The problem started a couple of months ago after a hard drive crash (my second this year – I’m starting to feel cursed). I meticulously reinstalled XP and restored data from backups. I prefer not to “ghost” system disks as I regard XP reinstalls as an opportunity for spring cleaning which should not be missed.
When I started to use Retrospect for incremental backups as normal, I discovered the problem. The external drive to which I was backing up would grind and grind for days (yes, days) before finally starting the backup process. You couldn’t kill the Retrospect process, either (not even with taskkill /im retrospect.exe /f
. The only way to halt the interminable vibration transmitted through my desk to my mouse hand was to wrench the USB plug from the drive. Backups progressing from scratch worked normally, so my only workaround was to simply back up everything in my list of folders which I must not lose. This inevitably led to a decrease in the frequency of my backups (daily became weekly, excepting my source control database which is small relative to everything else and while slow, could easily complete in under half an hour).
I’d been researching this problem for two hours of every week since the crash, and I’d been getting nowhere. Today I started to get a “bad block” warning from a second machine accompanied by a wonderful scratchy samba beat in sync with the drive light. Uh-oh, I thought. Impending hard drive death (It’s like a sixth sense now). I couldn’t put it off any longer – I simply had to fix the problem.

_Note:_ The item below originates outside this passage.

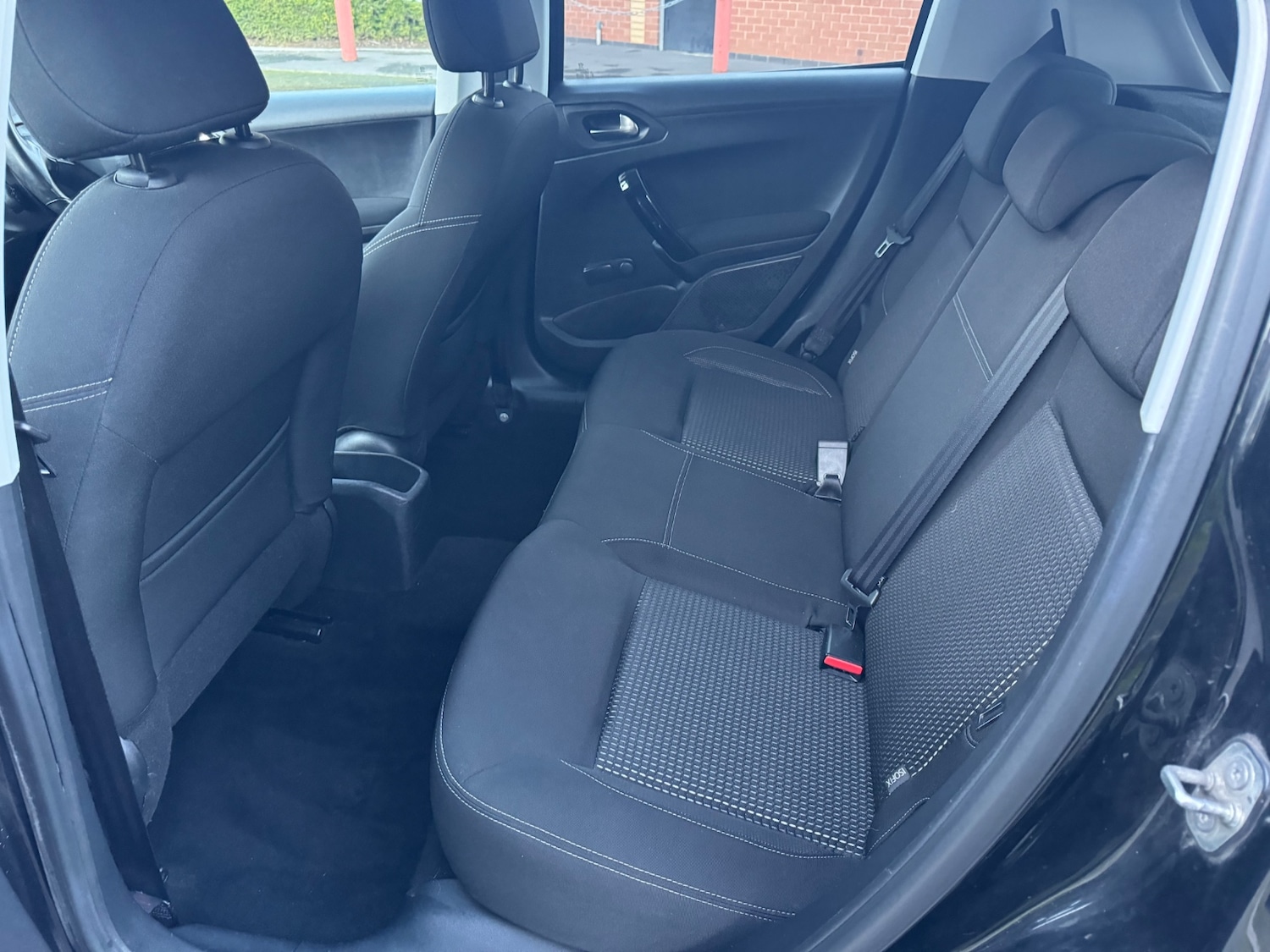 Used Peugeot 208 2015 for sale - 76796177: Photo 18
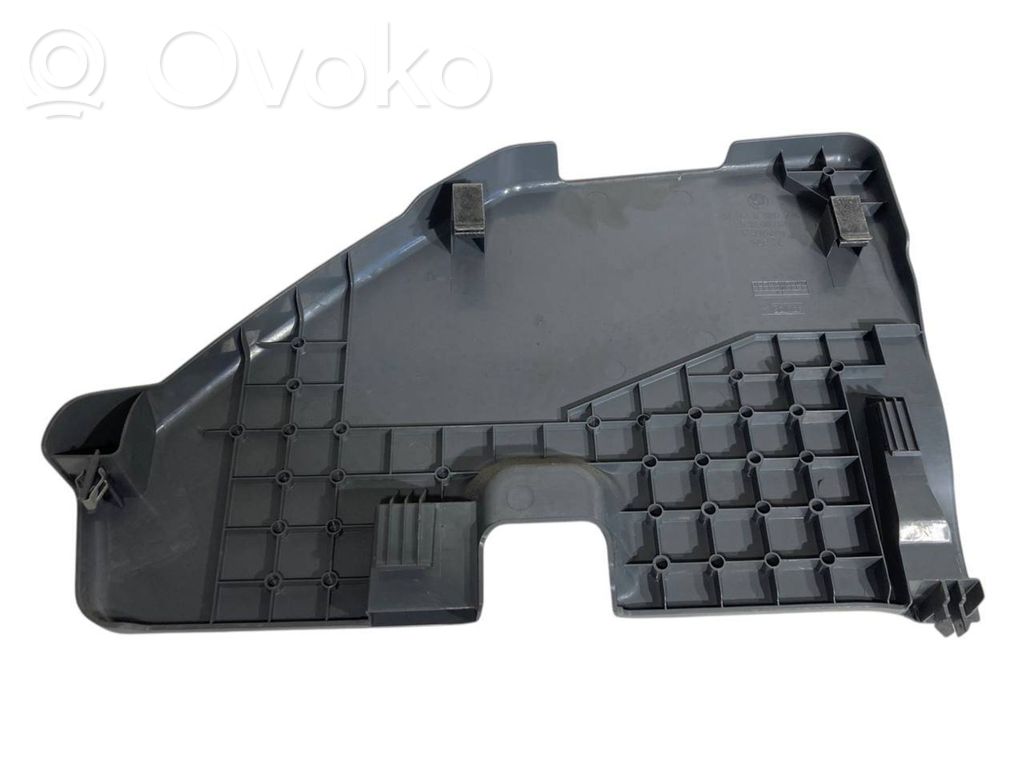 Cita veida bagāžnieka dekoratīvās apdares detaļa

But where to start? Try putting together a Google search for “my backup never finishes using Dantz (now EMC) Retrospect 6.5 on an external USB drive and I’m about to embed one of my extremities into a solid object” and you’ll be sifting through results until Jeff Atwood writes a boring blog post. It’s easy to Google hard errors like “Windows Delayed Write Failed” – just put the wording in quotes and review the possibilities. It’s less easy when a piece of software just sits there quietly shortening the service life of one of your USB devices. I have a small cache of words I trot out for Google to consume in these situations: “(hangs OR crashes OR freezes)” for simple lockups and “(grinds OR thrashes)” for hard drive activity.
In the end, when you’ve been using these kinds of search combinations for weeks with no luck, you resort to brute force searching. And this is what I did, trawling the Dantz/EMC support forums post by post. By about page 18 of posts I had an answer, and the blame wasn’t going in the expected direction.
System Restore. Great, isn’t it? Sits there, quietly monitoring everything, making sure nothing untoward can happen to your system. Including untoward things like backups, it seems. This is why even taskkill
didn’t work – it seems to be MS-process aware when it comes to System Restore. This is why I’ve been risking the life of my external HD by pulling the cable out, because you couldn’t even log out or shut down. System Restore is only good on system drives. Yet by default, XP monitors every “fixed” drive you have in your system (I know, I know, I’d been sticking it out with 2000 until late last year). Why should this be the case? Why can’t XP ask you for each drive you install a program on instead of assuming that big dumpster full of ISOs, RARs and RBFs you’ve got hanging off your USB bus needs watching like a hawk?
So in a backup situation to an external drive, System Restore is the last thing you want turned on. Right-click My Computer, hit Properties/System Restore, and turn it off on a per-drive basis – which in my experience means any drive you don’t add/remove programs to/from with Windows Installer.
I’m happy to say Retrospect is right back up there in my estimation. And MS’s position in my estimation hasn’t changed a great deal.